So, how well is this working? It depends on the device being tracked. Older/cheaper devices make no attempt to hide their MAC and are easily picked up (like my Samsung J3). Newer/more expensive devices use random MACs to do probe requests and are harder to pin down. It is not impossible though. All phones use their real MAC address when connecting to a known access point. So, if you (separately) broadcast a list of popular access point names from the target's area (e.g. Starbucks, McDonalds, etc) you may convince its wifi to give itself away and try to connect to your access point. This method will leave traces, because all those wifi access points will be visible in the network list for all clients, raising suspicion, but this article will get you started: https://goo.gl/rXg2so.

Depending on the phone behavior, it might get to sleep from time to time and you might miss some probe requests (especially if the phone is on battery), but it should be quite visible when the screen is turned on or the user is making a call. To improve accuracy you might need to add more kismet listeners around your house to cover more channels or blind spots.

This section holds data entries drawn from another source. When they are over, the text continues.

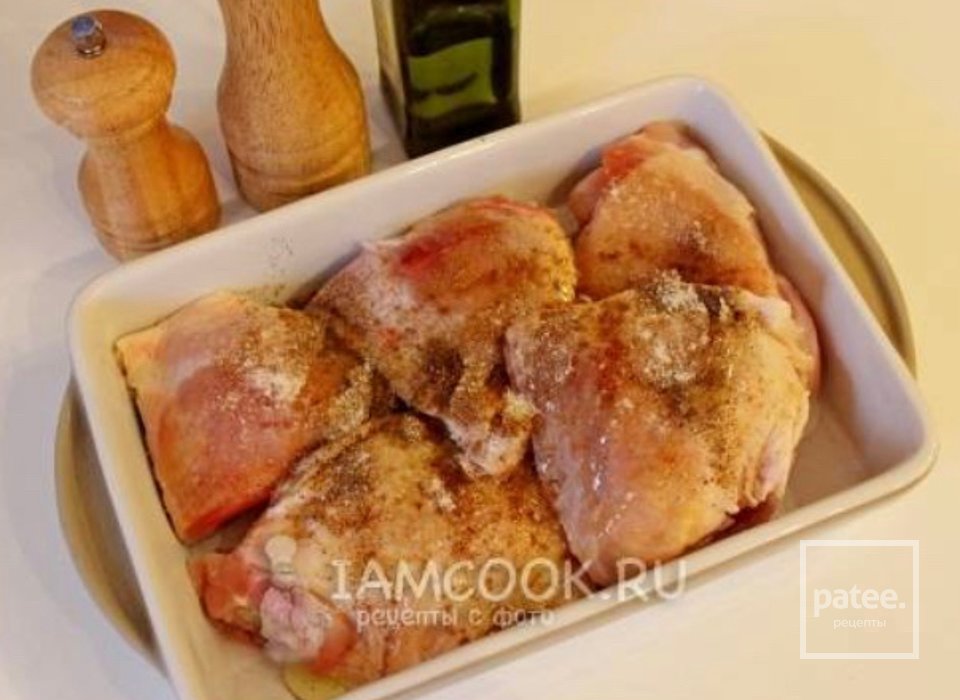 Рис запеченный с грибами и курицей - Шаг 1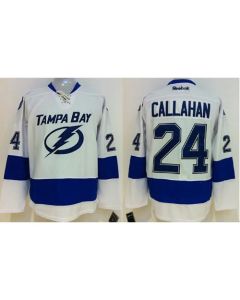 Lightning #24 Ryan Callahan White Stitched Youth NHL Jersey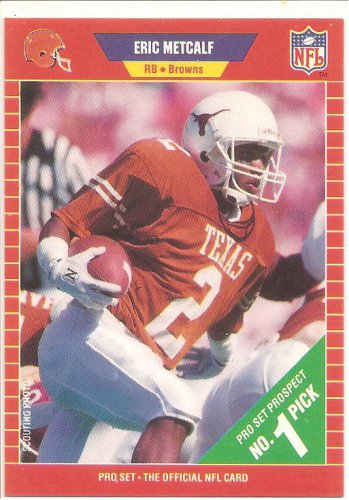ERIC METCALF - ROOKIE CARD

What can you do to avoid detection and tracking? Simple. Turn off your wifi when not in use. If you are not on the latest flagship phone (Android P seems to have included randomized MACs) you can still use third-party apps like Pri-Fi (https://play.google.com/store/apps/details?id=eu.chainfire.pryfi) by chanfire (the creator of SuperSU) to do the same thing. But depending on the tech-savviness of the person you are tracking - most people will not bother to conceal themselves.